The principle of the uniqueness of sports has been accepted and is no longer being debated. The European Commissioner for Culture and Sports, Mrs Reding, stated in Lille: "As the Court of Justice has recognised on several occasions, sports needs a certain degree of autonomy to establish its own rules and organisation structures; actions by public authorities must take this into account." The problem is knowing whether the attitude of European Commission services actually conforms to this position, which is not always the case, in the view of sports authorities, certain Member States and the Council Presidency. Thus the need to clarify the impact and repercussions of the specific nature of sports.

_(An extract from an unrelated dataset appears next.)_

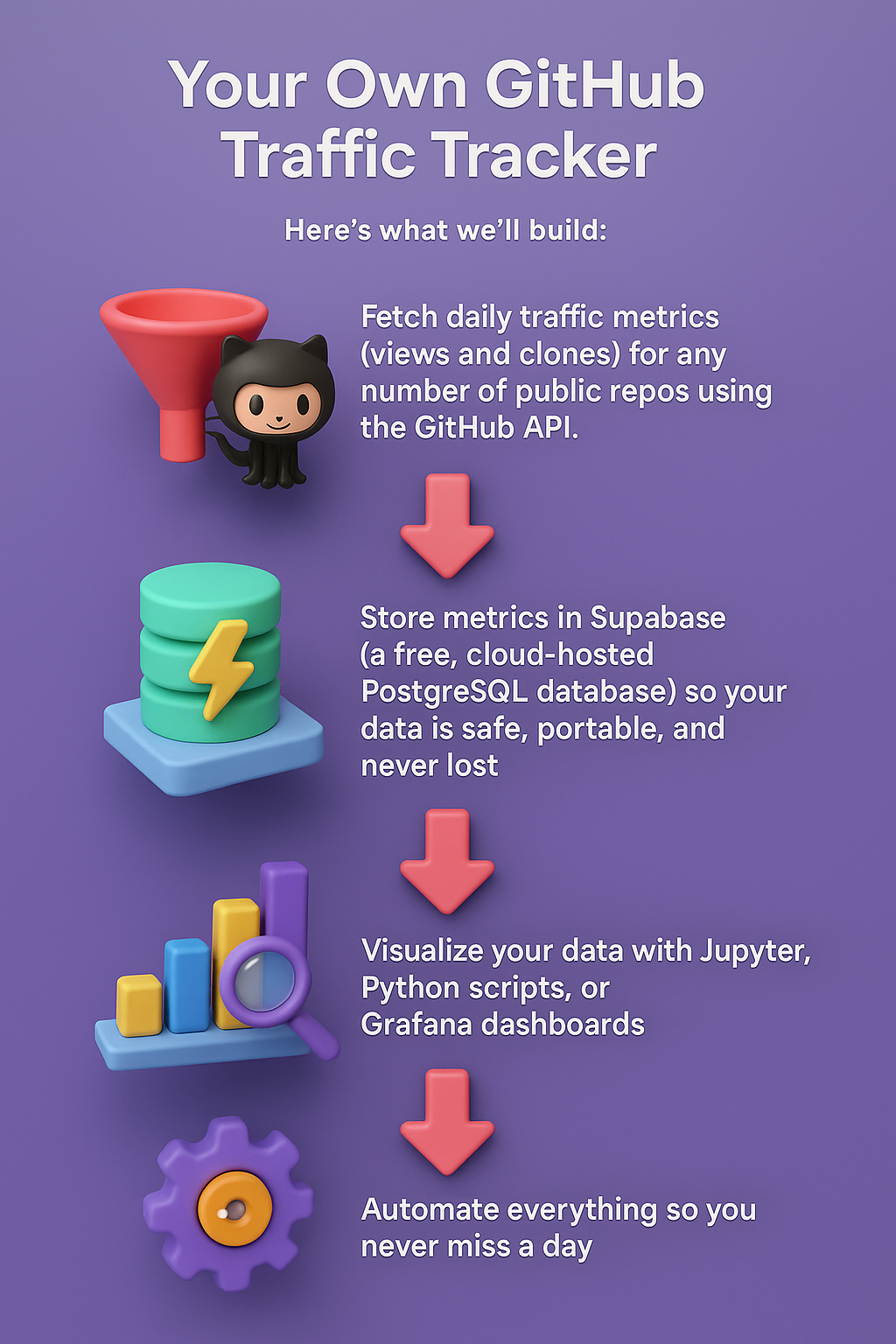 GitHub gallery image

The working group on the uniqueness of sports at the Lille Forum reached the following conclusions:
- the participants (political and sports officials from EU countries and applicant states) emphasised the social role of sport and its values, noting that sport is not an activity like any other. It is admittedly also an economic activity; normal laws must apply to it when sport corresponds to a normal economic activity. There is no justification of special treatment for sports organisations when it comes to economic and financial regulations;
- nevertheless, strictly sporting rules are a matter for sports organisations themselves; as there is no economic aim, such rules should not be subject to competition law. Participants noted that sport is basically a matter for those who practise it and who organise activities within sports federations;
- the European Commission, in the report on sport submitted to the Helsinki Summit, recognised for the first time that sport is not a purely economic matter; but this is one step in a process that is not over. It is now time to define this uniqueness in more precise terms in order to provide sports organisations with legal certainty. There is a need for a precise definition of what constitutes the uniqueness of sport and the consequences of this uniqueness, including recognition of the autonomy of sport for all rules of a non-economic nature;
- participants praised the efforts of the French Council Presidency to prepare a declaration on the uniqueness of sport and voiced support for its efforts to strengthen the status of sport at Community level. The adoption of a declaration on this subject at the Nice Summit should represent another step forward in the process of defining the role sport should have in Community policies.
At Monday's meeting, Ministers will have a draft declaration for submission to the Nice Summit -
Two controversial aspects
For Monday's informal meeting in Paris, the Sports Ministers of the fifteen Member States will already have a draft declaration expected to be submitted in December, in Nice, to the Heads of State and Government, a draft prepared by the working group set in place at the Lisbon Summit last May. According to available information, the draft has 7 points: a reminder of the social importance of sport, which must be accessible to all; recognition of the central role of sports federations; the will to preserve clubs' training capacity; a call for mobilisation for better protection of young sportsmen in training; the means for guaranteeing the fairness of competitions (the danger of multi-ownership of clubs, control of management); solidarity mechanisms related to the sale of broadcasting rights; adaptation of employment contracts to the specific nature of sport.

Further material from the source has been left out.